### DATA BLOCK

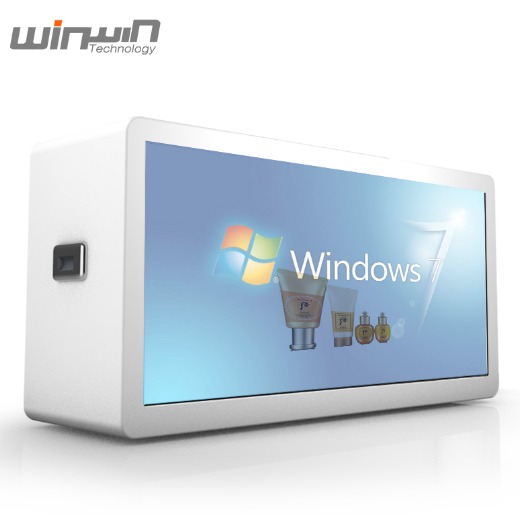 High end luxury shops/ musium/ exhibition transparent screen showcase Digital signage displays 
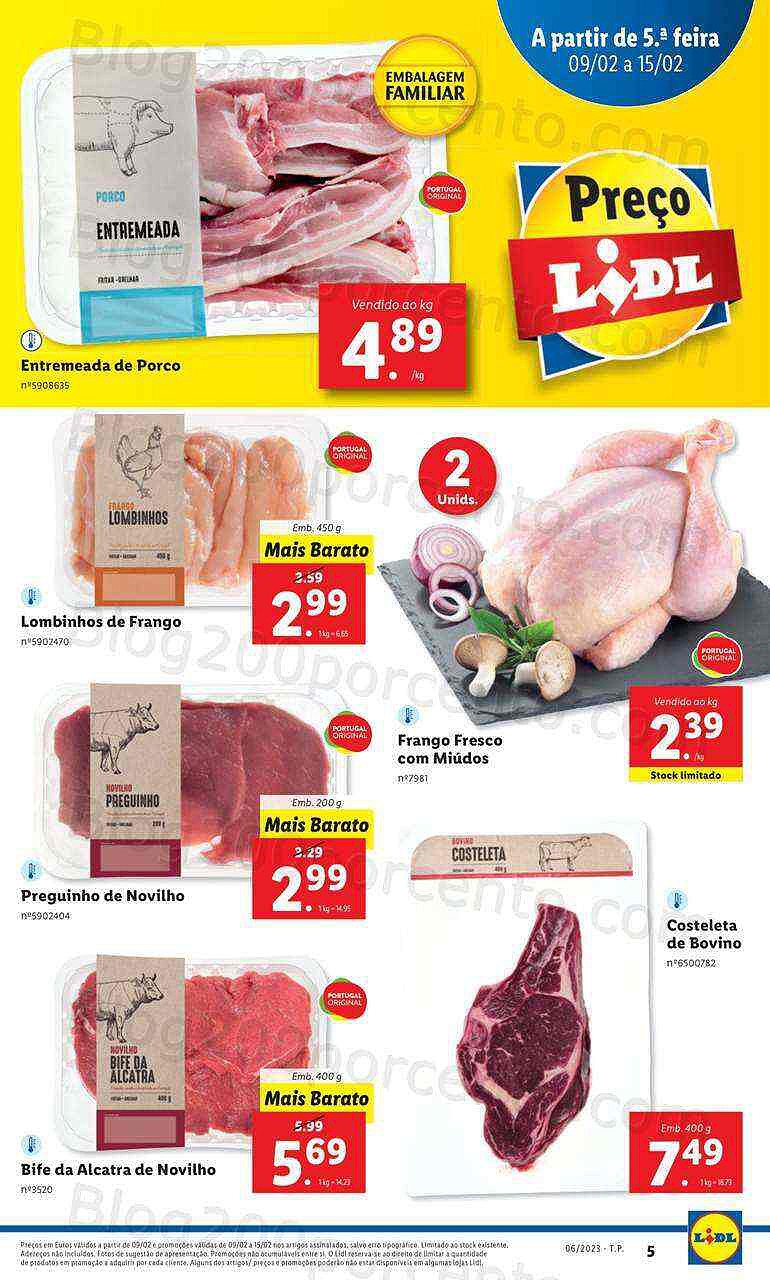 Antevisão Folheto LIDL Promoções de 6 a 15 fevereiro
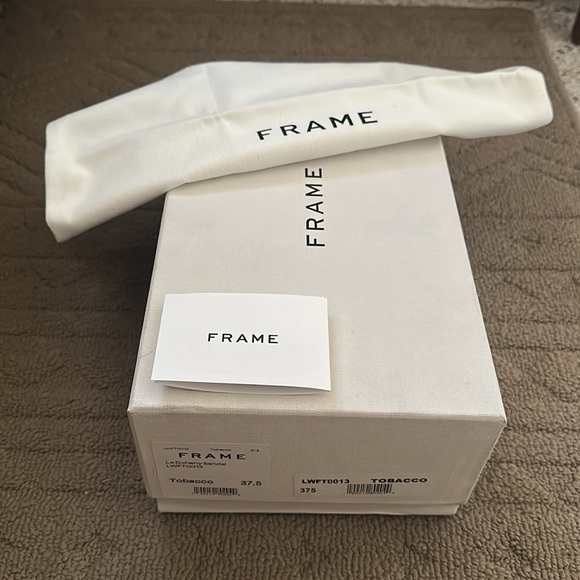 FRAME Le Doheny Strappy Brown Heeled Sandals. Size 7 / EU 37.5. - Picture 13 of 14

######

Pictures are to be left out; the rest of the listing should be printed exactly.

_YOUR RESPONSE_
 High end luxury shops/ musium/ exhibition transparent screen showcase Digital signage displays 
 Antevisão Folheto LIDL Promoções de 6 a 15 fevereiro
 FRAME Le Doheny Strappy Brown Heeled Sandals. Size 7 / EU 37.5. - Picture 13 of 14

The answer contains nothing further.